Pay attention that even standard errors you ask about are unobservable parameters! These are the "true" standard errors of $\beta$ parameters you would achieve if you kept drawing samples from infinite population and estimating new and new regression models on those samples.
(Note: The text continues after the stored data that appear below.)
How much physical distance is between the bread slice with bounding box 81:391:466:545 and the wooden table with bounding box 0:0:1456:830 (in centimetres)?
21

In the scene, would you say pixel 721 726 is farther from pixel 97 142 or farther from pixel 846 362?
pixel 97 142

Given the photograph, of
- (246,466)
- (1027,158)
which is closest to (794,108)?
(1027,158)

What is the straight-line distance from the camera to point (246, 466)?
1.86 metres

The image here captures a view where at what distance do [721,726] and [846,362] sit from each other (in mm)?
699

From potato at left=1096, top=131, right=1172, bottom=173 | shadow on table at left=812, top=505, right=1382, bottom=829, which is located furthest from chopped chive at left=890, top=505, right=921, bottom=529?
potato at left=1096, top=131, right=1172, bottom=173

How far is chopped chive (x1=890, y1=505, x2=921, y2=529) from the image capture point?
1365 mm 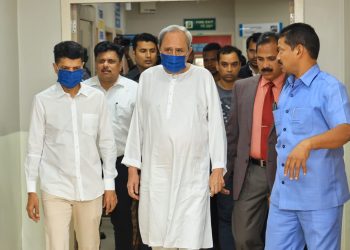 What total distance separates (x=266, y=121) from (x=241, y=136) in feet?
0.59

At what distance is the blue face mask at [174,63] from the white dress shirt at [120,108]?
0.81 m

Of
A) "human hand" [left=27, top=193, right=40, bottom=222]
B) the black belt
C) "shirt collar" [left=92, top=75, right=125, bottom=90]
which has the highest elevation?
"shirt collar" [left=92, top=75, right=125, bottom=90]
That what you DO calculate with your single sample are their estimates, which you calculate by substituting the variance of true errors with the variance of the residuals $\sigma^2 = Var(e)$ (see this question and its great answers for the explanation of the difference: What is the difference between errors and residuals?):

  • $\hat{SE(\hat{\beta}_0)^2}= \sigma^2 \big{[} \frac{1}{n} + \frac{\bar{x}^2}{\sum_{i=1}^n(x_i-\bar{x})^2} \big{]}$
  • $\hat{SE(\hat{\beta}_1)^2}= \frac{\sigma^2}{\sum_{i=1}^n(x_i-\bar{x})^2}$

In these estimates of standard errors actually enter both $Var(e)$ and $Var(x)$. Using $\hat{SE(\hat{\beta}_1)^2}$ as an example you can rewrite its formula by dividing the nominator and the denominator by $n$:

$$ \hat{SE(\hat{\beta}_1)^2}= \frac{\frac{\sigma^2}{n}}{\frac{1}{n}\sum_{i=1}^n(x_i-\bar{x})^2} $$

and you can notice that the term in the denominator is acually $Var(x)$.
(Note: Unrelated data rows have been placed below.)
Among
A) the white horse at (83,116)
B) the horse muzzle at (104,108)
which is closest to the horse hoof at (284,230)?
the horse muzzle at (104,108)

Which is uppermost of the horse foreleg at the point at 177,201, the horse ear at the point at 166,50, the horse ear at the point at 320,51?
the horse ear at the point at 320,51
Answering your last question:

  • uncorrelation of errors means that the value of one error tells you nothing about the vaules of other errors, e.g. if one of the points is above the regression line (positive error) it doesn't mean that the neigbouring point is more likely to be also positive. If this assumtion does not hold points may exhibit some patterns around the line, e.g. form "waves" around the line.
  • common variance means the the spread of the points around the regression line is constant. For some situations such an assumption is not reasonable e.g. if you regress income against years of education the income is likely to increase with the length of education but also there will be larger differences in income among high earning individuals than among low-income ones.